This half sheet measures 8 1/4" x 4 1/2". It is the last page in the set of documents, appearing just before the above file "cover." It is a receipt from the St. Louis County Land Title Company, addressed to Jean L. "LaForest" of Overland, Missouri and shows an order for the chain of deeds for lots 9 through 16 in Belt's Subdivision. The dates on it appear to indicate that Jean placed his order on January 6, 1920 and paid $10, probably a deposit against the total copying to be done. He might have mailed his order, because the top of the receipt is dated January 17, 1920; it's also possible that it simply took a week for a clerk to register the request as #8855 with a charge of $25. When the job was finished, the balance due was $15, although no date is entered for that. The "PAID" stamp shows the bill was paid off February 4, 1920, and Jean's note in the upper left records that he received the documents the next day, on February 5.
This sheet also measures 8 1/2" x 14". The hand-drawn map was attached to the front of the complete packet from the title company. The blank page (from a different land title company) is the reverse side of the map. Judging by the handwriting on the map, I suspect that Jean La Forêt is the person who created it.
The large packet of papers between these sheets consists of abstracts of land transactions for the lots mentioned on the receipt. These abstracts appear to be the source of the information that Jean used to reconstruct the history of the sales of the land purchased by John Schafer, lots 9 and 10, the focus of the dispute between Emma (Schafer) La Forêt and her three Curdt siblings. So Jean didn't go to the county recorder or assessor and research all this himself; he ordered copies and let the county office do the research for him. Then he pulled out the information relevant to his search and apparently retyped all of it. There are more than 20 pages in the packet, so I will be posting only a few each week.

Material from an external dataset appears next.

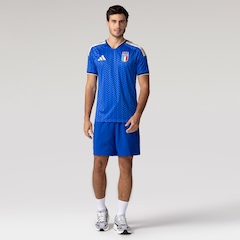 Camisa Seleção da Itália I 26/27 Torcedor adidas Masculina - Foto 10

I find it interesting that Jean's last name was misspelled "LaForest" on the receipt. As a French language major, I learned that a word containing a vowel with a circonflexe (circumflex in English) over it often appears in English with an "s" after the vowel. So, for example, the word "forêt" translates as "forest." I doubt that the clerk in Missouri in 1920 knew this, and yet Jean's last name became Forest. Just how did that happen?